Resulta que en esta época no tan halagüeña, lo ocurrido a esta camagüeyana es una más de las anécdotas pintorescas que me ha hecho explotar en risotadas, así que les comparto otros testimonios de lo acontecido mientras el aislamiento jugó a robarnos esa gracia que tenemos en esta tierra para reírnos de todo.
Ñica es una campechana y cubanísima mujer que aplaude todas las noches con puntualidad de reloj a los héroes de batas blancas de esta isla inmensa. Una noche me contó con mucha sandunga desde el balcón de su casa: «Chica, tú sabes que ayer yo sentía que caminaba incómoda, pero por más que me miraba los pies no me daba cuenta, y cuando llegué a la panadería donde trabajo me dijeron: “¡Ñica, apretaste…!”, y era que andaba con zapatos diferentes, ¿sabes? Ahora, cada vez que cuento mi historia todo el mundo se viene abajo».

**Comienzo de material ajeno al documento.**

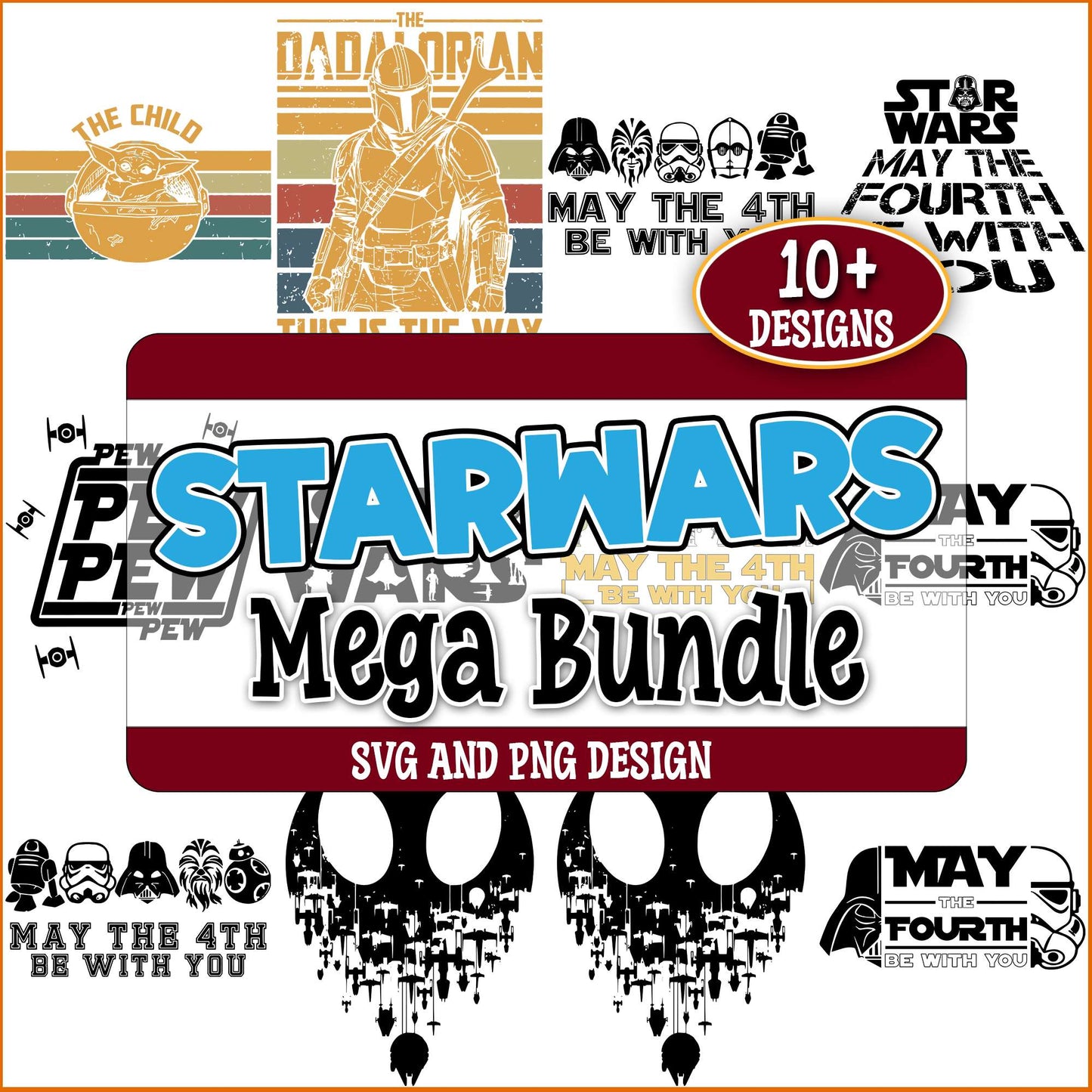 May the 4th be with you svg bundle
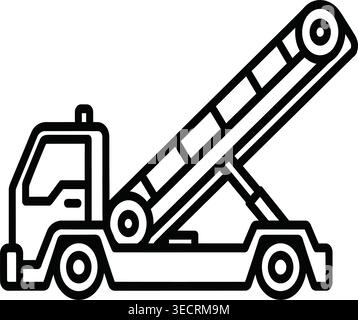 Forklift transporting box on pallet vector icon Stock Vector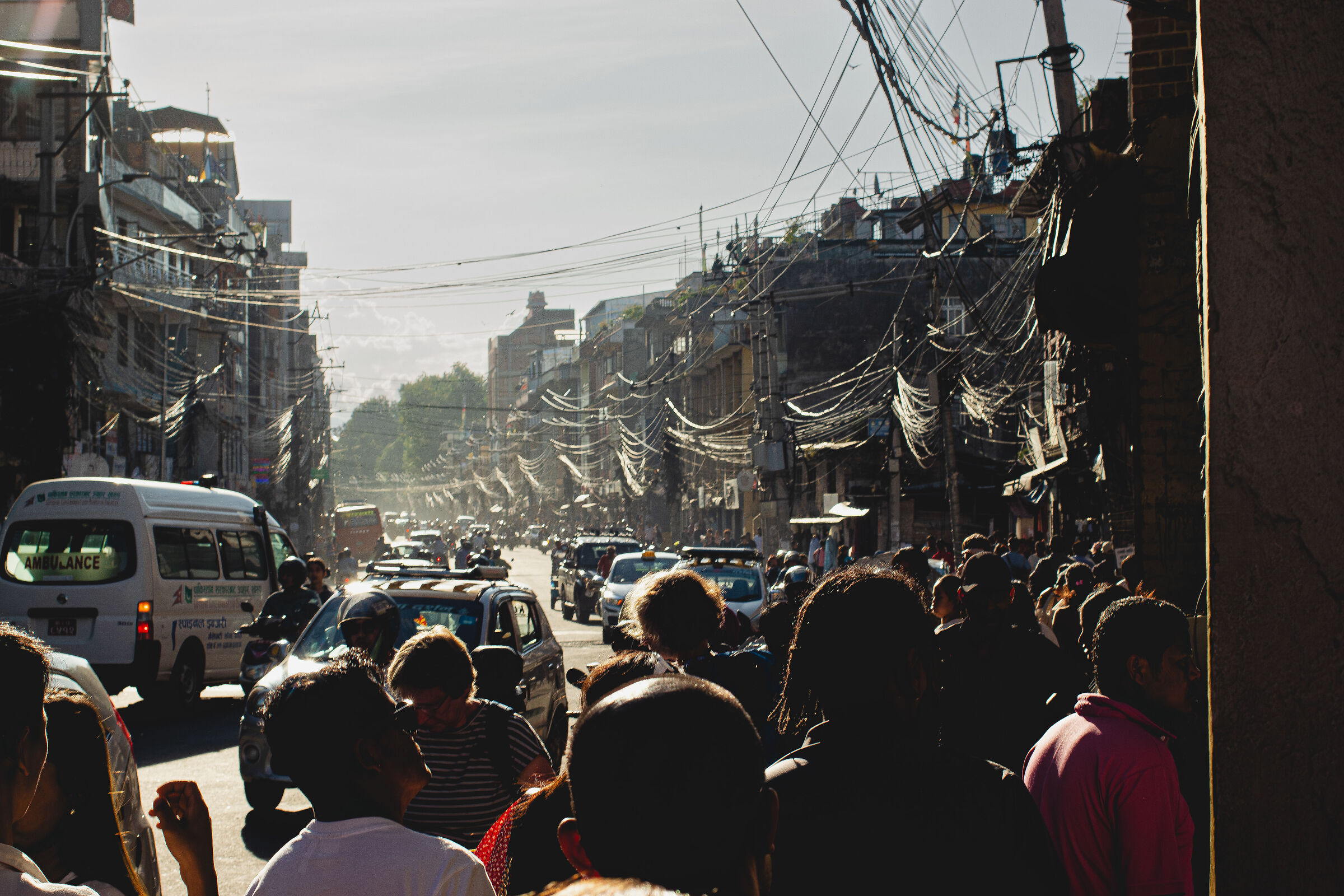 L'affollata Kathmandu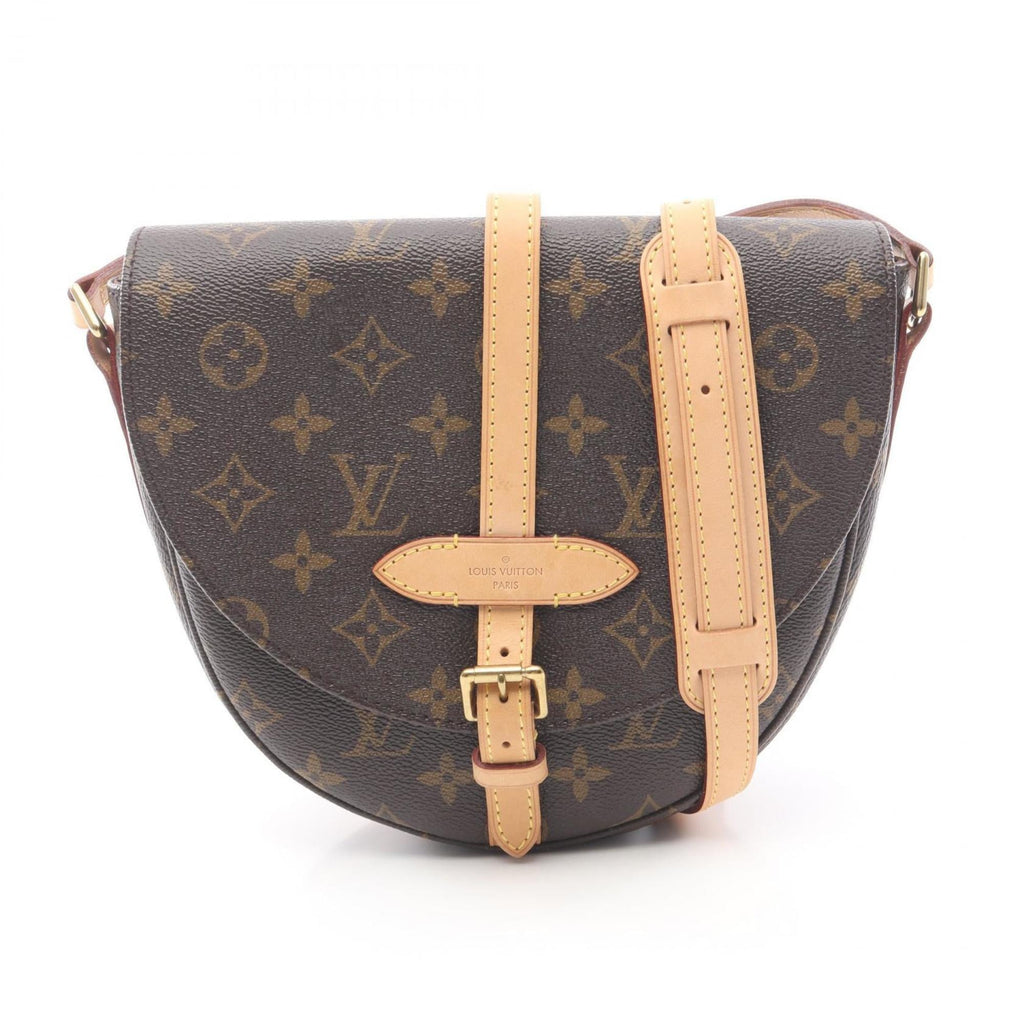 Louis Vuitton Brown Coated Canvas Pvc Monogram Leather Shoulder Bag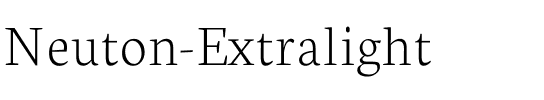 Neuton ExtraLight.ttf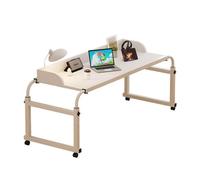 GXQFC Mesa para Computadora Portátil con 4 Ruedas, Mesa sobre La Cama Mesa Auxiliar Mesa De Cama Médica 115-210CM para Cama Sofá Hospital Lectura Comer Altura Ajustable 65-95cm(Color:Blanco)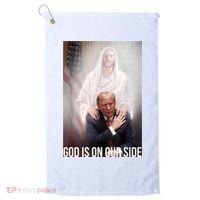Trump God Is On Our Side Jesus Golf Towel thumb 0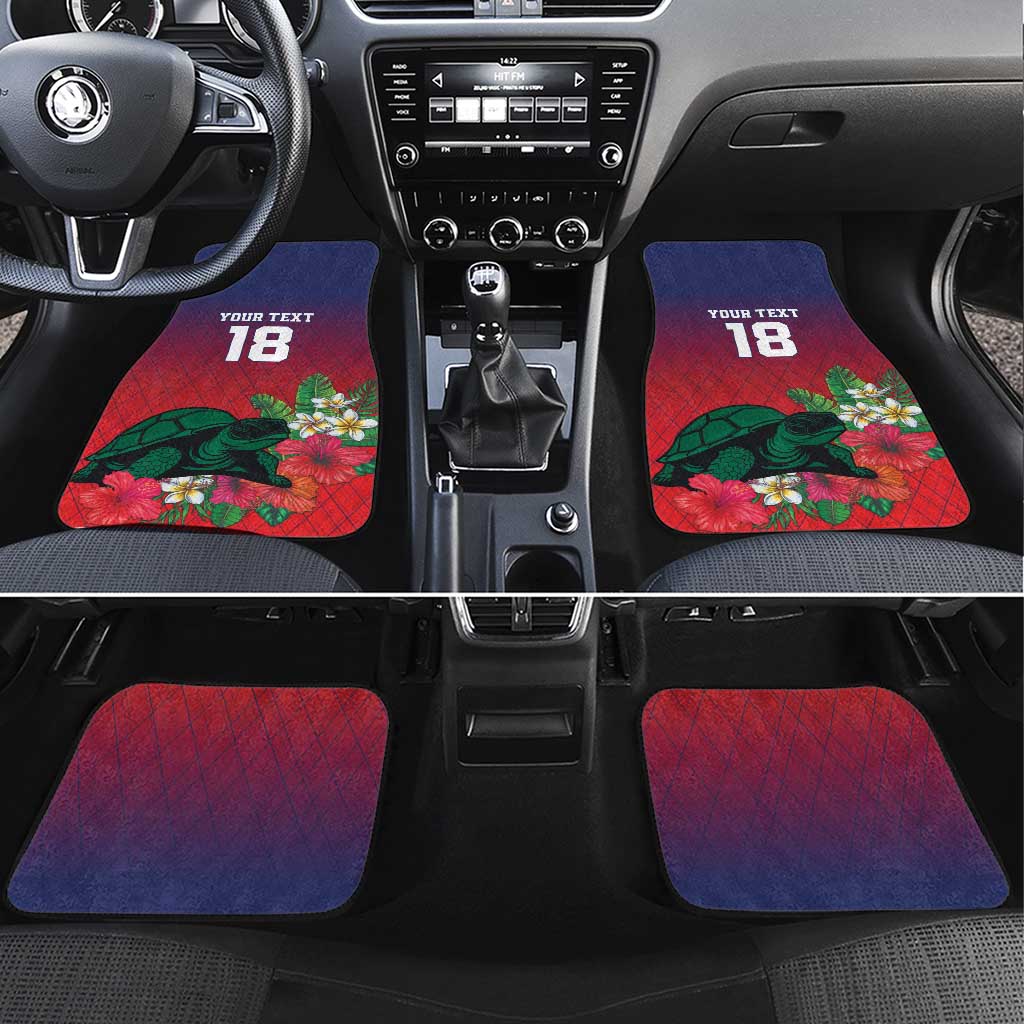 Custom Cayman Islands Car Mats Green Turtle Sporty Style - Wonder Print Shop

También reí mucho con Josefina, una señora a quien conocen hasta los perros en San Rafael por ser durante más de dos décadas la presidenta del CDR. Ella, como muchas compatriotas en este difícil escenario, confecciona nasobucos para compartir con la gente, a pesar de estar operada de una fractura en su cadera izquierda.
A esta hormiguita laboriosa —así la nombran sus amistades más allegadas— el cielo se le unió con la tierra cuando se dispuso a crear más de esos artículos tan necesarios y su añeja y venerada máquina de coser se descompuso. Por suerte la sangre no llegó al río, pues después de revisarla minuciosamente notó que el «terrible desperfecto» era que aún no le había puesto el hilo.
Tales sucesos nos ayudan a pasar el rato de manera diferente y merecen también reconocimiento público porque su impacto, tal cual la luz multicolor que se irradia a través del prisma, describe a los hijos de esta tierra como jocosos y solidarios en medio de situaciones difíciles y tensas.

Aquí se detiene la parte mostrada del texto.